I continue to love the new Marvel Princess Leia comic book run. Like I mentioned in my first review, it really hits the spot in terms of strong, complicated female characters dealing with real issues.

True, none of us have probably ever experienced the genocide of our entire home planet, but the beauty of this storyline is in watching Leia deal with the expectations placed on her after this happens. We’ve all experienced the weight of expectations that have nothing to do with our true selves. Us women in particular.

In issue #2 Leia continues to thwart the mourning process expected of her. She chooses risk over safety and time with the Alliance in order to go search out her fellow surviving Alderaanians. It’s clear she wouldn’t be able to heal properly knowing her people are still being hunted and executed by the Empire. Her actions feel reckless, heroic, and inevitable at the same time – as if this course of action is the only way forward (through insurmountable pain) for her despite and numerous other options.

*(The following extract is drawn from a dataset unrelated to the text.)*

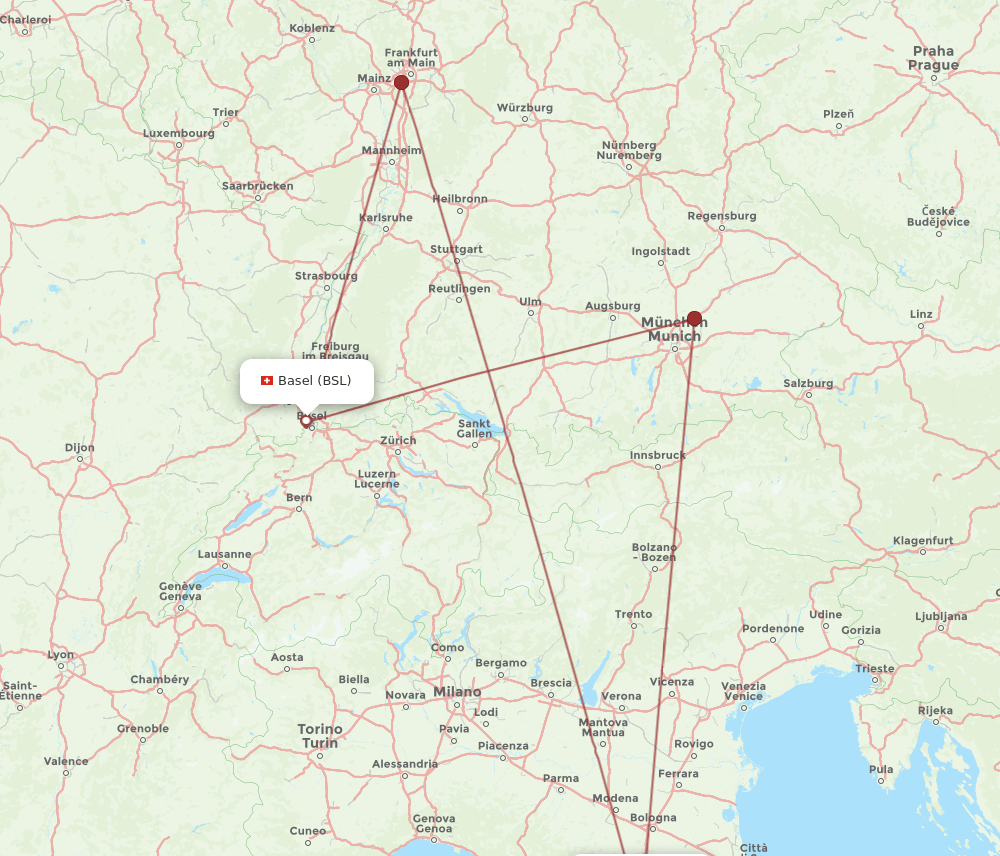 BSL to FLR flights and routes map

So, Leia and Evaan (still dissenting but doggedly following the Princess) track down leads in order to find and rescue Alderaanians galaxy wide. This issue finds them in a club working to free a group of Alderaanian singers.

While overall issue #2 isn’t quite the stunner that #1 is, it moves the story forward successfully and keeps the character development on a steady track. It also opens the story up a bit with more flashbacks to Leia’s childhood and the further breakdown of Evaan’s dislike of the Princess. I love that both characters stand firmly on flawed beliefs in this issue. This is the beginning in what I assume will be a long journey towards trusting and needing one another even across their party lines.

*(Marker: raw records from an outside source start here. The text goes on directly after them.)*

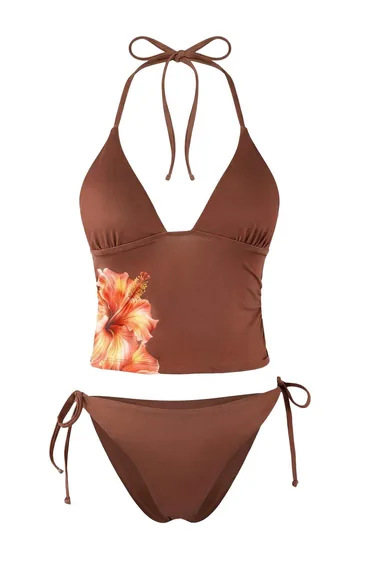 Brown Floral Pattern Tankini Normal Waist Bikini Set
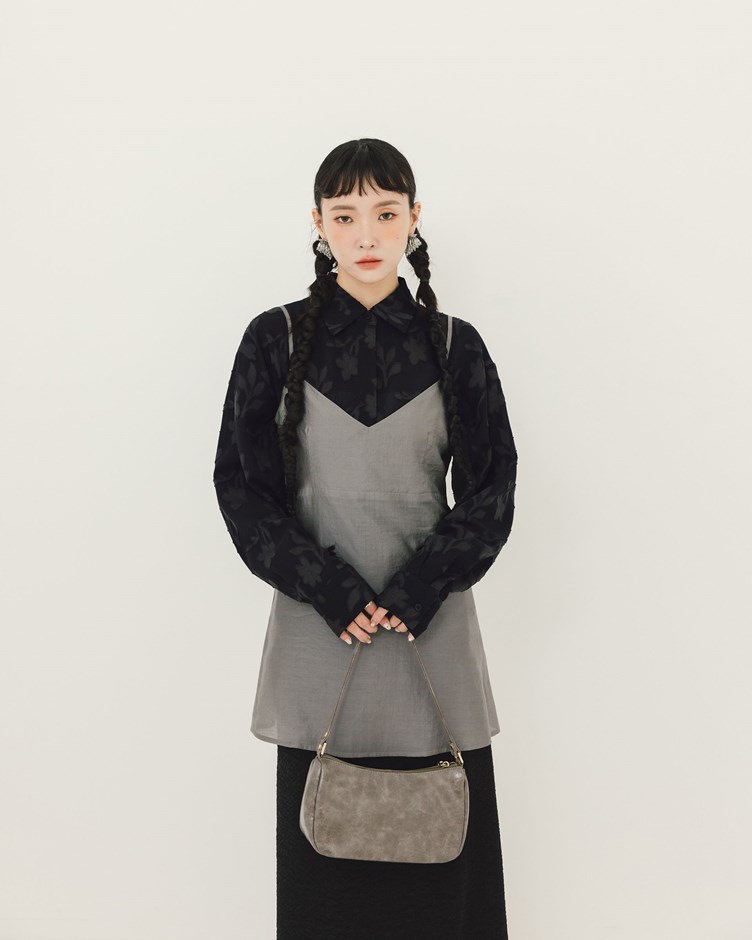 日感軟料毛邊花型襯衫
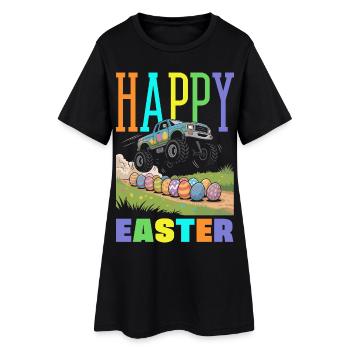 Happy Easter Sweet Easter Bunny Egg Hunt Easter Eggs - Women’s T-Shirt Dress - black - Front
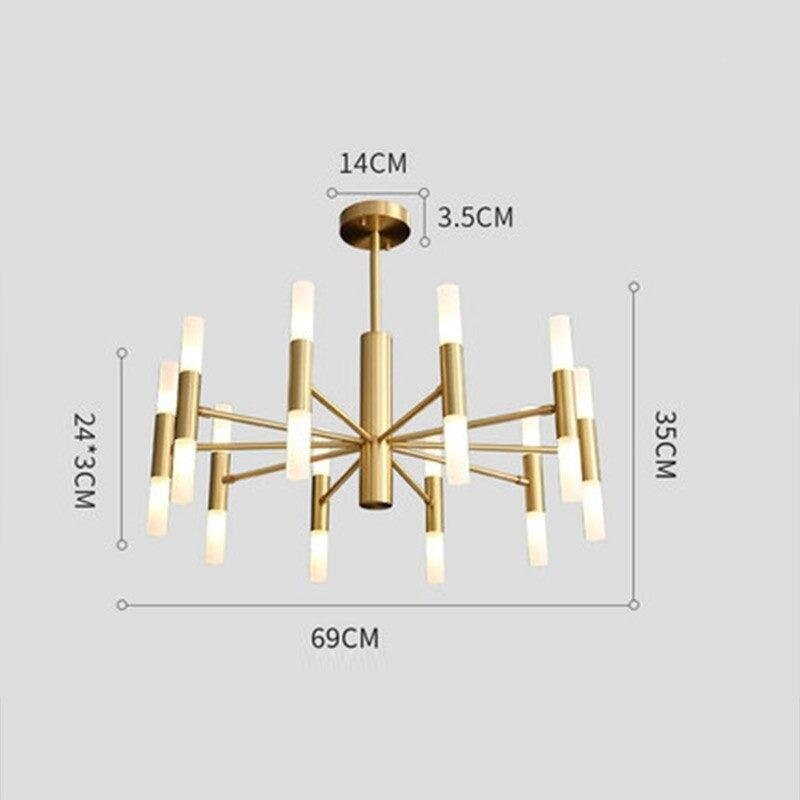 Lustre Moderne Salle à Manger | Essence Lumineuse - Designix Lustre Or | 20 Lumières Blanc Chaud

This is the friendship I’m excited to see explored throughout the rest of the series. The prospect of women working together toward an ultimate goal, while stubbornly disagreeing on almost every major decision along the way, is powerful, unique, and needed.

In a culture that seems to laud snap judgments and moral high ground, this storyline takes its time in discovering two characters inextricably linked, yet undeniably different. This clash of worldviews is handled in a way that I wish was more prevalent in real life, with kindness and context.